Department of Urology, University of Pittsburgh Medical Center, Pittsburgh, PA.
Department of Medicine, University of Pittsburgh, Pittsburgh, PA.
Urol Oncol. 2019 Jul;37(7):462-469. doi: 10.1016/j.urolonc.2019.04.006. Epub 2019 Apr 30.
Contemporary guidelines recommend cystectomy with neoadjuvant or adjuvant cisplatin-based chemotherapy given with curative intent for patients with resectable muscle-invasive bladder cancer (MIBC). However, rates and appropriateness of perioperative chemotherapy utilization remain unclear. We therefore sought to characterize use of perioperative chemotherapy in older radical cystectomy MIBC patients and examine factors associated with use.
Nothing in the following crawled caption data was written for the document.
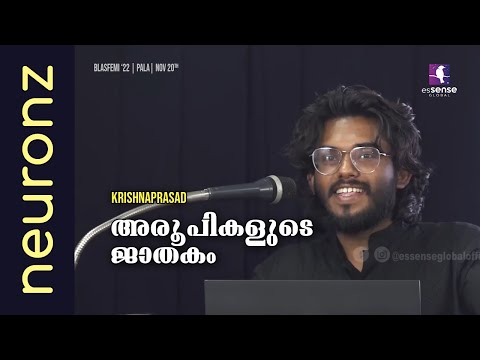അരൂപികളുടെ ജാതകം | The Science of Ancient DNA | Krishna Prasad | Blasfemi'22 | Pala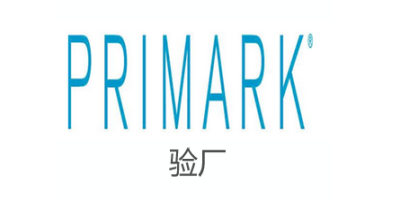 Primark驗廠結果分幾個等級？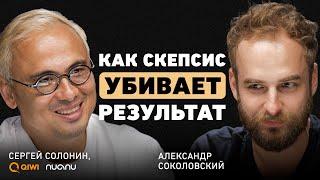 Почему важно быть честным с самим собой? Сергей Солонин о везении, городе будущего и трансформации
Using Surveillance, Epidemiology, and End Results (SEER)-Medicare data, we identified patients with MIBC diagnosed between 2004 and 2013 and treated with radical cystectomy. We classified patients into 3 treatment groups: cystectomy alone, neoadjuvant, or adjuvant chemotherapy. Chemotherapy was classified by regimen. We then fit a multinomial multivariable logistic regression model to assess association between patient factors with the receipt of each treatment.
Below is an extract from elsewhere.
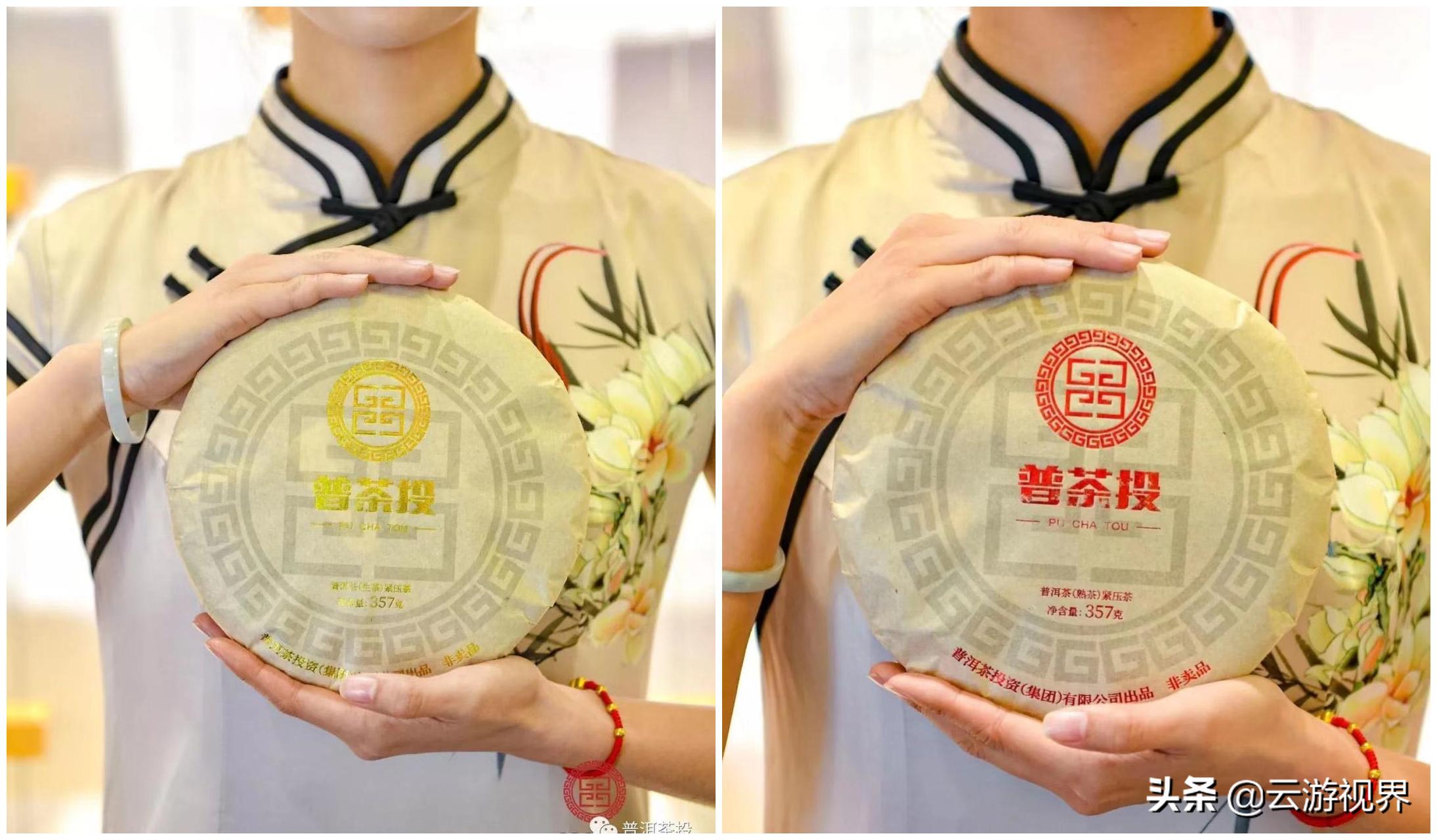 普洱茶投资集团和普洱茶集团,普洱茶投资集团有限公司的茶如何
We identified 3,826 eligible patients. The majority (484; 65%) received cystectomy alone. Neoadjuvant (676; 18% overall, 69% cisplatin-based), and adjuvant chemotherapy (666, 17% overall, 55% cisplatin-based) were used in similar proportions of cystectomy patients. Over the study period, the odds of receiving adjuvant chemotherapy decreased by 7.5%, whereas neoadjuvant therapy increased by 27.5% (both P < 0.001). There was an increase in use of cisplatin-based regimens in the neoadjuvant setting (35 to 72%, P < 0.001), but not the adjuvant setting. Female gender, lower comorbidity, married status, and lower stage disease were associated with greater odds of receiving neoadjuvant chemotherapy (all P < 0.05).
From 2004 to 2013 use of neoadjuvant chemotherapy for MIBC increased while use of adjuvant chemotherapy decreased. Future studies examining barriers to appropriate chemotherapy use, and the comparative effectiveness of neoadjuvant versus adjuvant chemotherapy are warranted.
当代指南建议对可切除的肌层浸润性膀胱癌(MIBC)患者进行根治性膀胱切除术,并辅以新辅助或辅助含顺铂的化疗,以达到治愈目的。然而,围手术期化疗的使用率和适宜性仍不清楚。因此,我们试图描述老年根治性膀胱切除术 MIBC 患者围手术期化疗的使用情况,并研究与使用相关的因素。
我们使用监测、流行病学和最终结果(SEER)-医疗保险数据,确定了 2004 年至 2013 年间诊断为 MIBC 并接受根治性膀胱切除术治疗的患者。我们将患者分为 3 个治疗组:单纯膀胱切除术、新辅助化疗和辅助化疗。化疗方案根据方案进行分类。然后,我们使用多变量逻辑回归模型评估患者因素与接受每种治疗之间的关系。
我们确定了 3826 名符合条件的患者。大多数(484 例;65%)患者仅接受了膀胱切除术。新辅助(676 例;总占比 18%,其中顺铂类药物占 69%)和辅助化疗(666 例;总占比 17%,其中顺铂类药物占 55%)的比例相似。在研究期间,接受辅助化疗的可能性降低了 7.5%,而新辅助治疗的可能性增加了 27.5%(均 P<0.001)。新辅助治疗中顺铂类药物方案的使用率增加(35%至 72%,P<0.001),但辅助治疗中未增加。女性、较低的合并症、已婚状态和较低的疾病分期与接受新辅助化疗的可能性增加相关(均 P<0.05)。
从 2004 年到 2013 年,MIBC 新辅助化疗的使用率增加,而辅助化疗的使用率下降。未来需要进行研究以评估适当化疗使用的障碍,以及新辅助化疗与辅助化疗的比较效果。